No picture should appear in the copy. Transcribe exactly, and only, the lines from the one with "2 N Culver St, Chippewa" through the last line of the data below.

======== Records to process

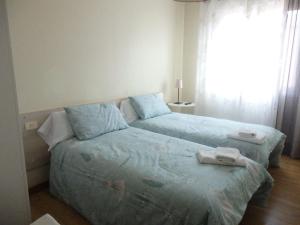 Apartment (6 Adults) room in Alojamientos Olga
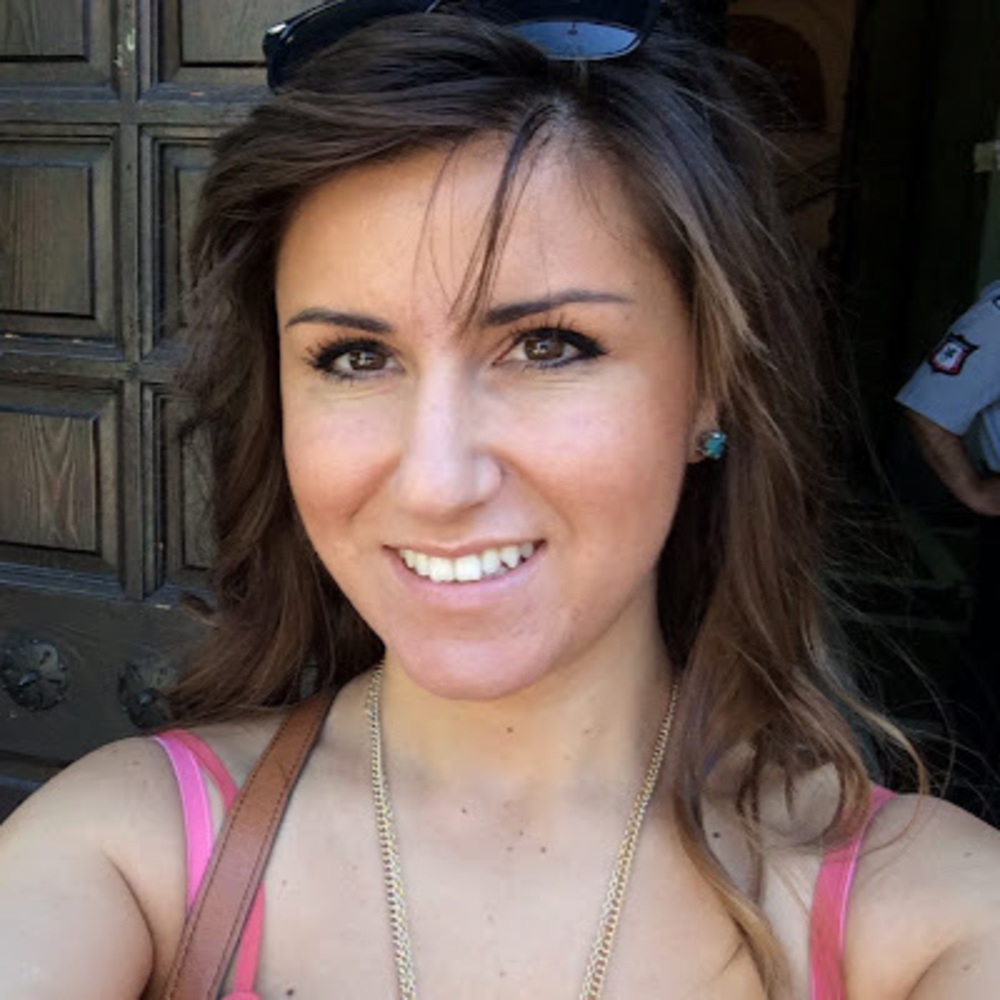 Meet your Posher, Yolanda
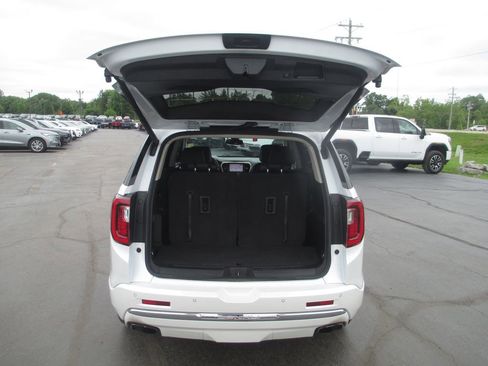 Used 2021 GMC Acadia Denali AWD/4WD image 8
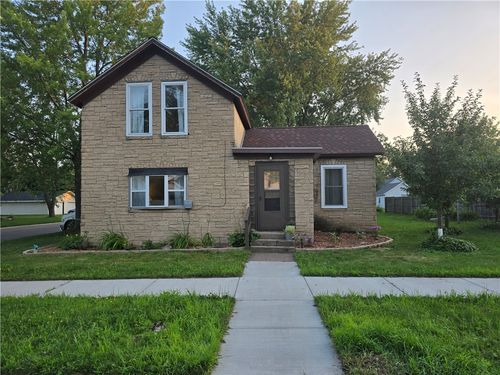 2 N Culver St, Chippewa Falls, WI, 54729-2704 | Card Image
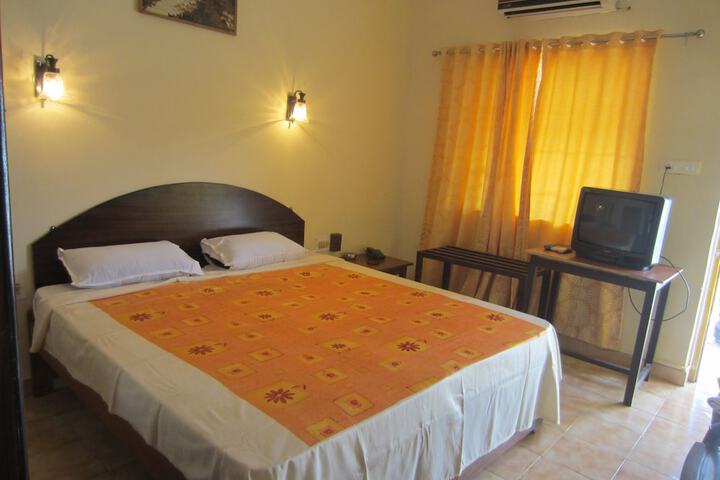 Room 10 of 37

================

• _Response for this exercise_
 2 N Culver St, Chippewa Falls, WI, 54729-2704 | Card Image
 Room 10 of 37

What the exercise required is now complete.